Researchers from MIT have created a new material that is ten times stronger than steel, but only five-percent as dense. That makes it extremely strong, but also incredibly lightweight. The ramifications are vast.
The researchers focused on the manipulation of carbon. For years now, scientists have known that they can arrange carbon in a particular way to create the material graphene. By making an extremely thin sheet of carbon atoms arranged in two dimensions, it is possible to produce the graphene, which is known as the strongest in the world.
The problem is that graphene – while very thin and incredibly tough – is also difficult to make into three-dimensional shapes. Manufacturers were forced to stick with flat sheets of the material and work around its limitations. That made it an interesting material, but only useful in very specific circumstances.
The researchers at MIT discovered that they could take small flakes of graphene and fuse them into a mesh-like structure, which would allow the material to retain the strength of graphene while forming 3D shapes. It is also porous, which increases the potential uses.
“The new findings show that the crucial aspect of the new 3-D forms has more to do with their unusual geometrical configuration than with the material itself, which suggests that similar strong, lightweight materials could be made from a variety of materials by creating similar geometric features,” MIT states.

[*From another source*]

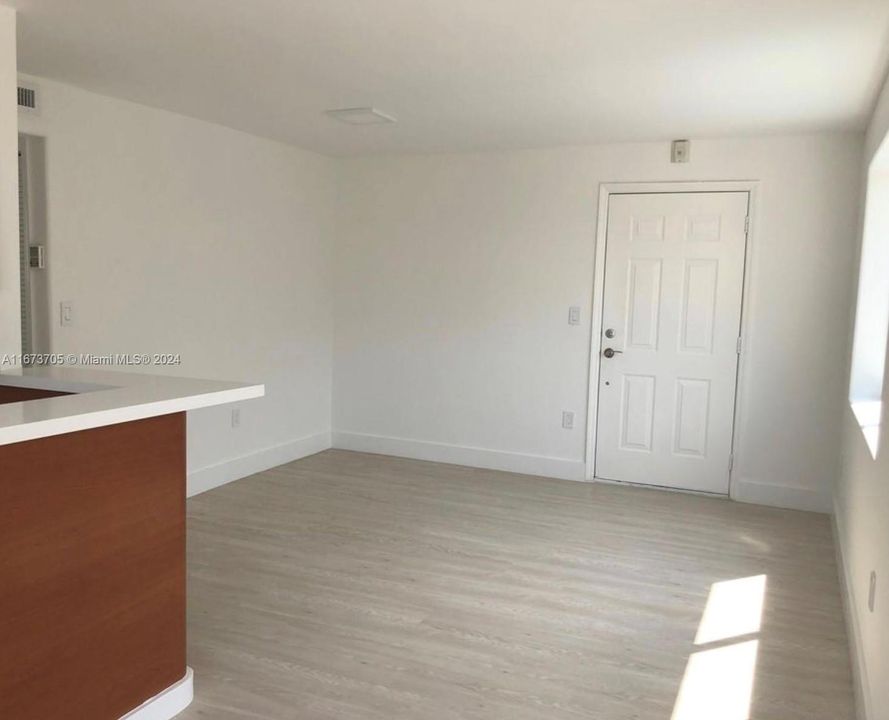 For Sale: $380,000 (2 beds, 1 baths, 708 Square Feet)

More research is needed, but if the material is as advertised, and it can be created in multiple shapes, the potential uses are endless.
Anything with thrust could be hugely impacted by this material. In general, the more something weighs, the more energy it requires to move it. The more energy it uses, the more fuel it requires. If you could make something significantly lighter without sacrificing durability or structural integrity, it would change everything.
Automobiles could be much tougher and weigh much, much less, which would increase their speed and drastically improve fuel efficiency. Vehicles that fly would also take a huge step forward. Planes could become much more durable while the weight decrease could lead to less fuel, which in turn should be cheaper for passengers.
One incredibly appealing use for this material would be space travel. When it comes to both lifting off and out of the atmosphere, and traveling through the vacuum, weight is a major factor – maybe even the single biggest factor. The more weight a vessel carries the more fuel it needs. The more fuel it needs, the more weight that fuel adds, and so on. If this material could be made to be airtight (something it hasn’t yet shown it can be), then it could have an immediate, and major impact on all space exploration.
Of course, this is all still just a material in a lab. Still, the possibilities are revolutionary.